HOPE COULTER is a fiction writer and poet who directs the Hendrix-Murphy Foundation Programs in Literature and Language at Hendrix College. Her work has appeared in numerous journals, including The Yale Review, Southwest Review, and Terrain. Her book of short stories is forthcoming in 2026 from Cornerstone Press. Her collection The Wheel of Light was published in 2015 as part of the New Poets Series of BrickHouse Books, and her novels The Errand of the Eye and Dry Bones were published in 1988 and 1990 by August House Publishers. Awards for her writing include the Laman Library Writers Fellowship, the Porter Prize for Literary Excellence, and—from the Association of Literary Scholars, Critics, and Writers—the 2022 Meringoff Writing Award in poetry and the 2023 Meringoff Writing Award in nonfiction.
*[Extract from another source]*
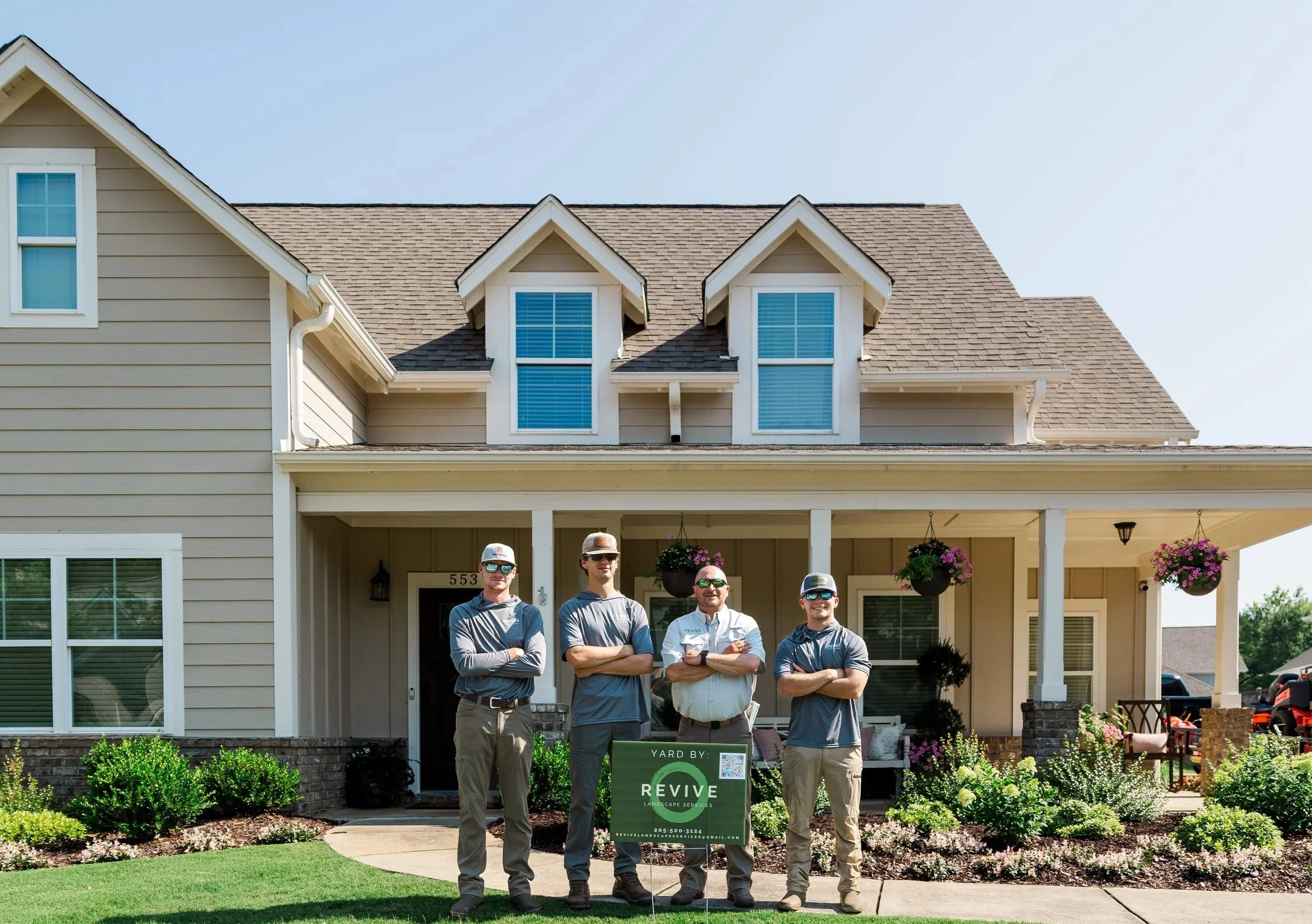 Revive Landscape Helena AL Four people standing in front of a beige house with a gabled roof, holding a sign that says 'Yard by: REVIVE Landscape Services.' The house has large windows, hanging flower baskets, and a neatly maintained garden and lawn.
Hope’s picture book Uncle Chuck’s Truck came out in 1993 from Bradbury Press. After a long hiatus in writing for children, she has recently returned to that genre and is excited to have several projects under way. Hope is a member of the Society of Children’s Book Writers and Illustrators and will be attending their conference in New York City this winter.
Hope was born in New Orleans and grew up in the central Louisiana city of Alexandria, attending public schools and graduating from Alexandria Senior High School. She earned her AB in English from Harvard University and her MFA in fiction and poetry from Queens University of Charlotte. She has taught creative writing at Hendrix College since 1993 and since 2013 has also headed the campus-based literature and language foundation. Hope and her husband, nature and travel writer Mel White (Hendrix ’72), live in Little Rock, grateful to have been rescued by their yellow lab mix, Josie.